Drama unfolds in Parliament
Members of the House were involved in a heated exchange during the voting on the Education Code resolution. The intense confrontation led to one member being asked to leave after he refused to withdraw a comment deemed inappropriate.
Published Friday, June 3, 1966
House passes the Code
- Speaker orders out Coke
Gleaner Parliamentary Reporter
The bitterly disputed Education Code resolution was passed in the House of Representatives last night in circumstances that retained a quality of drama to the end. The voting was doing party lines: 21 Government members voting in favour of the motion and nine Opposition members against. One opposition member abstained.
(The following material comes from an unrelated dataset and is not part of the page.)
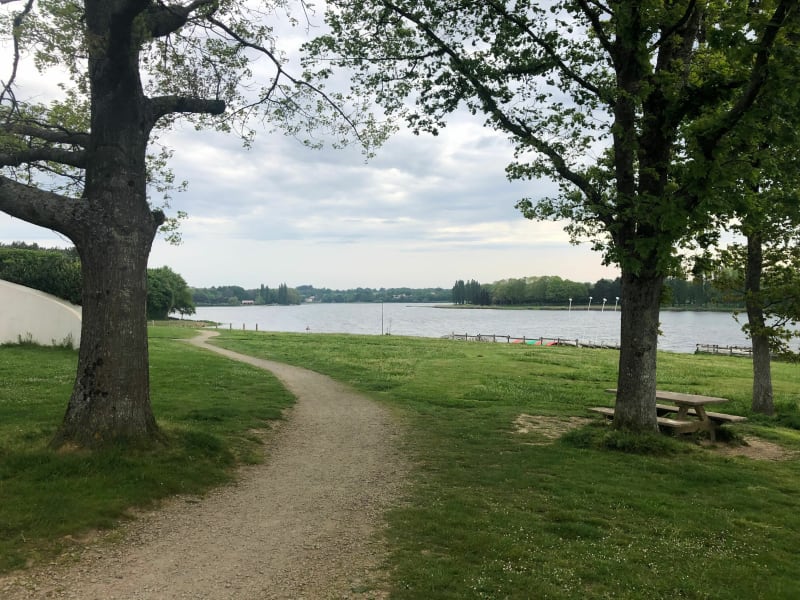 Gravel en Pays Yonnais depuis Aubigny - Aubigny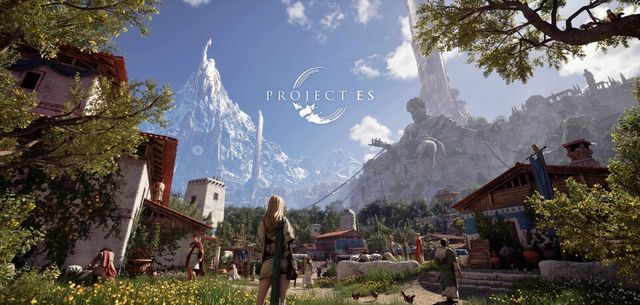 올해 출시 예정인 신작 MMORPG '프로젝트 ES'./컴투스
Shortly before the near two-day-long debate closed, there was a heated scene centering around Minister of Education Edwin Allen, who was delivering the wind- address, B.B. Coke, and the Speaker. In it, Coke was ordered out of the House by a Speaker whose tones were raised in anger, and Coke left.
The incident started when the Speaker appealed for fewer sotto voce remarks across the floor, and added his surprise that teachers in the House did not respect, the ruling of the Chair. At once, Coke was on his feet shouting, saying that the members concerned had been attacked in a capacity in which they did not sit in the House, and that the Speaker’s remarks were “most unfair”.
A voice from the government benches said it was disrespect to the Speaker for any member to address him in those tones. The Speaker supported this observation with the statement that such behaviour was all the more surprising in that it came from a member who had once sat in the Speaker’s chair. When Coke added that it was “a rude remark”, the Speaker asked him to withdraw.
Coke (shouting and gesticulating): I will not withdraw. It is most unfair.
The Speaker: (raising his voice angrily): Then, will you please leave this chamber?.
Coke (defiantly): I will.
Coke collected his papers and briefcase and strode stiffly out of the chamber.
Earlier in the closing scenes, the voice of the minister of education broke and sank to less than half its normal volume as he recalled how, when his leg was broken and this was reported at a teachers’ conference, the reading of the letter he sent on the subject was jeered at.
And, in the act of taking his seat, after proclaiming that God and history would be judge of his actions, Allen concluded with: “My heart is pure and I know that I am right.”